Court awards New York dealer Asher Edelman $6.9m over failed deal allegedly involving member of the Abu Dhabi royal family

Mysterious case, involving an unpaid bill for Keith Haring and Edvard Munch works, had been running for years

Keith Haring’s canvas tarpaulin painting Untitled (1983) was one of the works to be sold by Edelman Courtesy of Edelman Arts

Keith Haring’s canvas tarpaulin painting Untitled (1983) was one of the works to be sold by Edelman Courtesy of Edelman Arts

The New York-based financier and art dealer Asher Edelman has been awarded damages of $6.9m in a long-running court case against an Abu Dhabi entity he was suing for unpaid commissions. On 11 January, the Southern District court of New York ordered the Swiss Business Council of Abu Dhabi to pay Edelman Arts for lost commissions on a deal worth $26.8m that never went through.

Edelman alleges that in November 2016 his company Edelman Arts agreed to sell four Keith Haring works and a painting by Edvard Munch to the dealers Remko Spoelstra and Jason Holloway, whom Edelman says were acting on behalf of a member of the Abu Dhabi royal family.

When no money changed hands, Edelman filed a suit in March 2017 demanding $20m for the whole purchase prices of four of the works. The amount was later reduced to comprise: the 20% commission Edelman says he was due to make on the five works; the price of the works that remained in his possession; and the difference in price of the two Harings that he subsequently sold for less money.

In January 2020, a judge ruled in Edelman’s favour, sending the case to a magistrate court to set the size of damages. The magistrate judge, while upholding the judgment in favour of Edelman, ruled that there was insufficient evidence to back up the 20% commission that Edelman Arts was claiming, and declared that Edelman was not due any money. The latest ruling overturns that judgment and awards Edelman damages based on the lost commissions, the lost profit on one of the Haring tarps, and interest accrued.

This is a complex case, with numerous parties. Court documents attest Spoelstra and Holloway were acting on behalf of the Abu Dhabi-based Swiss Business Council, with the company SSR Invest as its paying agent—but that the ultimate buyer was an Abu Dhabi royal.
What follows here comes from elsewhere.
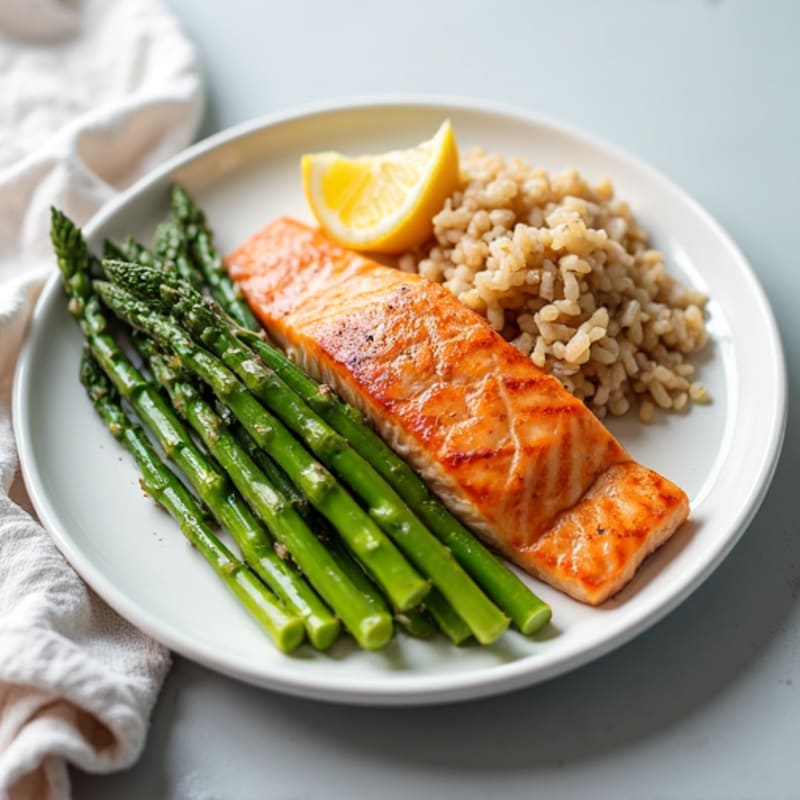 Seared Salmon with Steamed Asparagus and Brown Rice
Edelman too was acting as a broker, having bought the Haring and Munch works from other collectors in order to sell on.

According to documents provided to the court and seen by The Art Newspaper, the buyer had originally been interested in a work by Jean-Michel Basquiat. But with no Basquiats available for sale, Spoelstra liaised with Edelman to instead pursue four works by Haring. Meeting in New York, Edelman showed Spoelstra those works, plus the painting by Munch, and the two agreed prices.

Beyond that point in the account, Spoelstra contests almost all the facts presented. He alleges that his client was indeed a powerful Abu Dhabi individual, but not a member of the royal family as stated in the court documents; that contracts were never signed, only agreements on the prices; that the affidavit presented to the court in his name had been written by Edelman and his lawyer, Frank Franzino; and that the Swiss Business Council was never involved in the case, but had been included in correspondence between Holloway and Edelman in error. The Swiss Business Council is a non-profit networking organisation based in Abu Dhabi. Crucially, Spoelstra alleges that Edelman did not have the right to sell the works.

The last claim, in regards to Edelman’s lack of access to the works, was made in court, and has not been upheld by the subsequent rulings. But Spoelstra tells The Art Newspaper he is no longer pursuing the case. Neither he nor his lawyers appeared at the most recent hearings and, reached in Abu Dhabi, the Dutch art dealer says that if Edelman wants damages, he will have to sue him in Europe or the UAE. Neither Jason Holloway nor the Swiss Business Council could be reached for comment.